- Born: January 14, 2011 (age 15) Madrid, Spain

Gymnastics career
- Discipline: Rhythmic gymnastics
- Country represented: Spain; (2024-present);
- Club: EP Hortaleza
- Head coach: Eva Jiménez
- Former coach: Carolina Malchair
- Medal record
Rhythmic Gymnastics
Representing Spain
Junior European Championships
| Silver medal – second place | 2025 Tallinn | Group All-around |

= Mónica de Juana =

Spanish rhythmic gymnast

Mónica de Juana (born 14 January 2011) is a Spanish rhythmic gymnast. She represents Spain in international competitions.

== Career ==
de Juana took up the sport at the EP Hortaleza club. In 2023 she was called up for a training stage to select young gymnast to join the national team. Then, in late 2024 it was announced she was selected to integrate the new Spanish junior group under the guidance of Carolina Malchair and Beatriz Brito.

=== Junior ===
In 2025 the group debuted their routines in a various exhibitions. In May they won gold in both event finals at the Pharaoh’s Cup in Cairo. At the Gdynia international tournament they won gold with 5 hoops, as well as bronze in the All-Around and with 10 clubs. In June she competed with the group at the European Championships in Tallinn, being 4th with 5 hoops, 6th with 5 clubs and winning silver behind Ukraine in the All-Around. Later in the month she participated in the 3rd Junior World Championships in Sofia along Claudia Mariño, Cynthia Ortega, Aurica Tarleva, Noa Esplugues and Paula Donoso. In Bulgaria the group was 5th in the All-Around, 4th with 10 clubs, 5th with 5 hoops and 11th in teams (with individuals Amira Jamghili, Marta Pérez and Naira Martínez). Between July and September she was confirmed into the national team, integrating Madrid's high performance center.

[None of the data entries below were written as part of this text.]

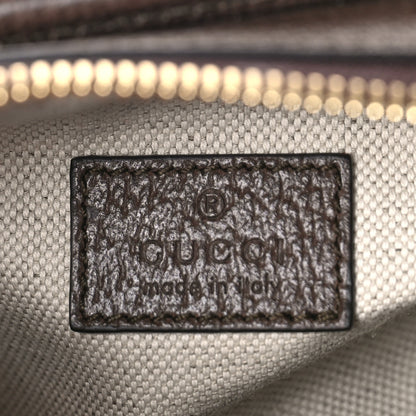 Gucci Monogram Jumbo GG Textured Dollar Calfskin Web Mini Crossbody Bag Camel Ebony New Acero 6 of 9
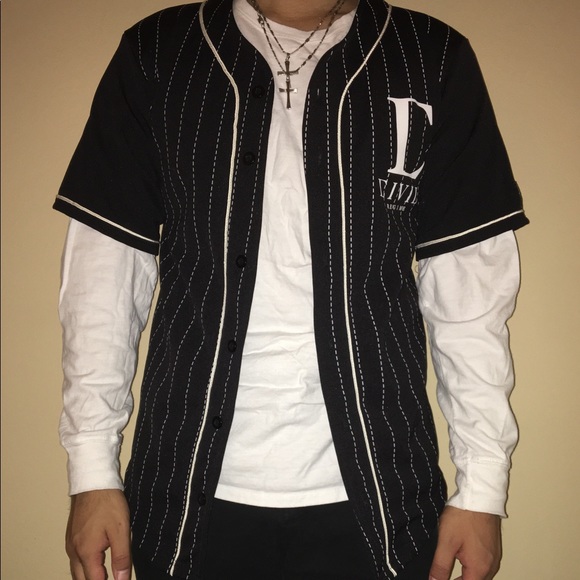 Pinstripe Black Civil Regime Baseball Jersey Top - Picture 1 of 4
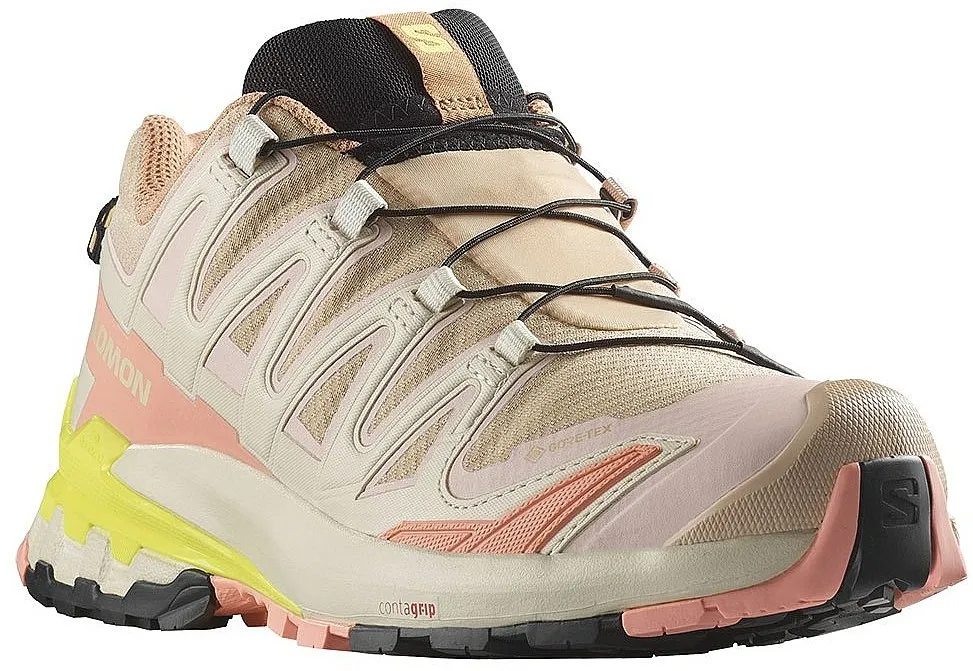 chaussures Salomon XA Pro 3D V9 GTX W - Hazelnut/English Rose/Safety Yellow - women´s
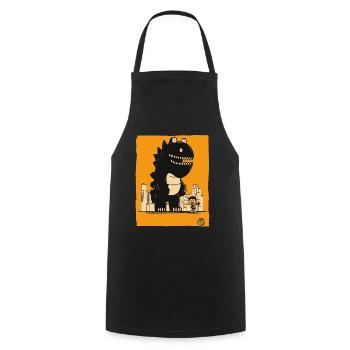 The Friendly Kaiju Monster - Cooking Apron - black - Front - AI Model Male 185 dark (185cm)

Switching back to the individual modality she took part in a control training in January 2026. In March she participated into the Torneo Andalucía Cup, winning silver overall and with clubs as well as bronze with hoop. A month later she performed with hoop and clubs at the Sofia Cup, winning bronze in teams along Naira Martínez. She was then selected for the European Championships in Varna, being 9th in teams, with Claudia Marino and Naira Martinez, and 7th with hoop.